The task: Only the lines from the one that contains "纯铜金色法式柜门抽屉拉手黄铜银色衣柜橱柜弧形圆角轻奢欧式把手" to the last line below, both included, should be transcribed. Pictures stay out of the copy.
(Exercise input Opens)
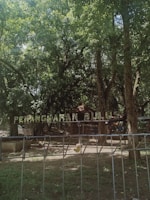 A lush, green forest area with dense foliage and several large trees. A fence is present in the foreground, and there is a sign with the words 'Penangkaran Bulus' in the background. Sunlight filters through the trees, creating a serene and natural atmosphere.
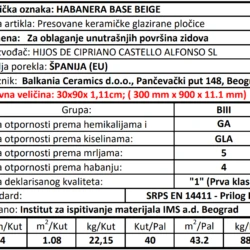 Habanera Base Beige 30x90cm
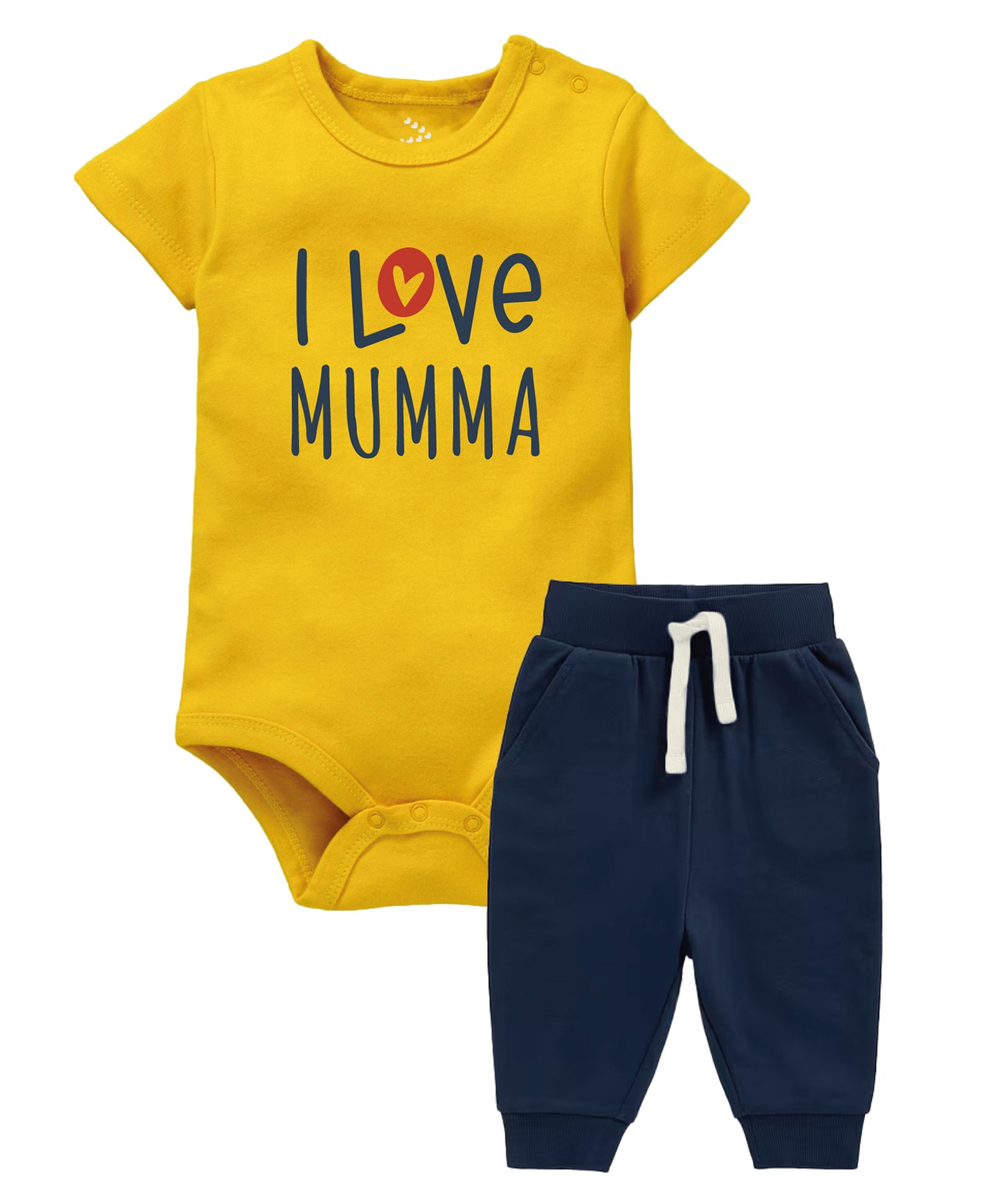 Zeezeezoo 100% Cotton Mothers Day Theme Half Sleeves I Love Mumma Text Printed Onesie With Joggers Set - Yellow & Navy Blue-picture-32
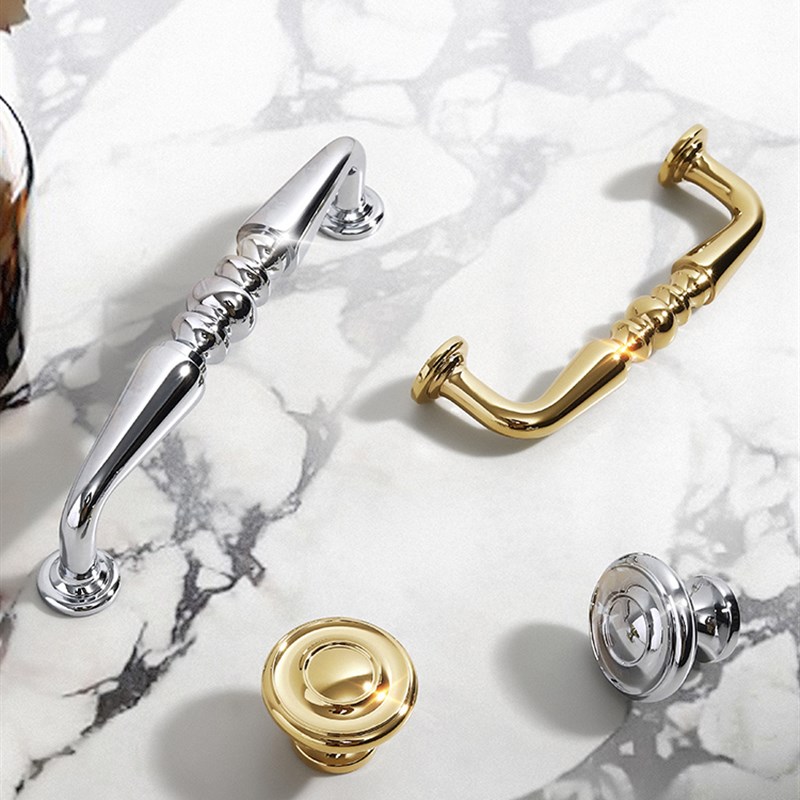 纯铜金色法式柜门抽屉拉手黄铜银色衣柜橱柜弧形圆角轻奢欧式把手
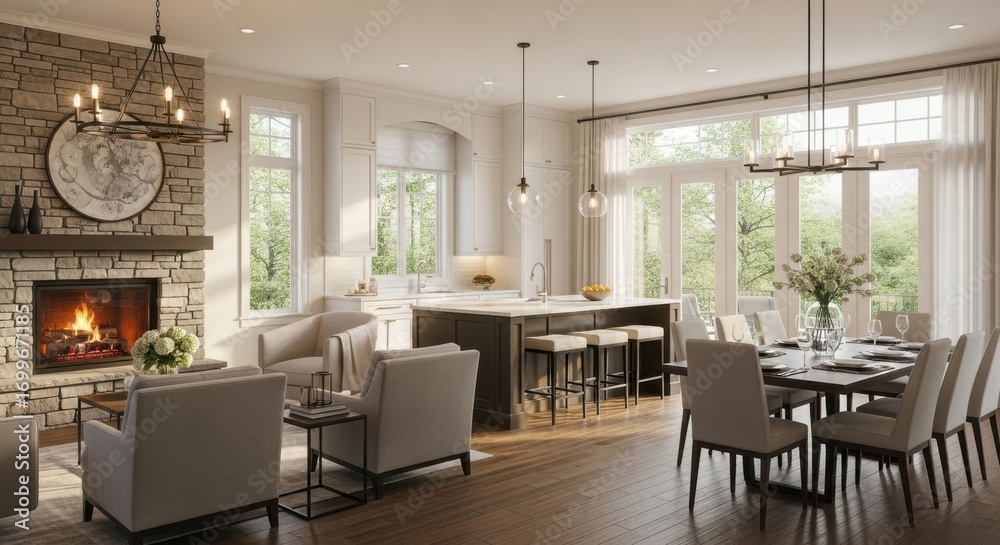 Fototapeta premium Elegant open concept living and dining room with fireplace and kitchen island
(Exercise input Closes)
Exercise solution:
 纯铜金色法式柜门抽屉拉手黄铜银色衣柜橱柜弧形圆角轻奢欧式把手
 Fototapeta premium Elegant open concept living and dining room with fireplace and kitchen island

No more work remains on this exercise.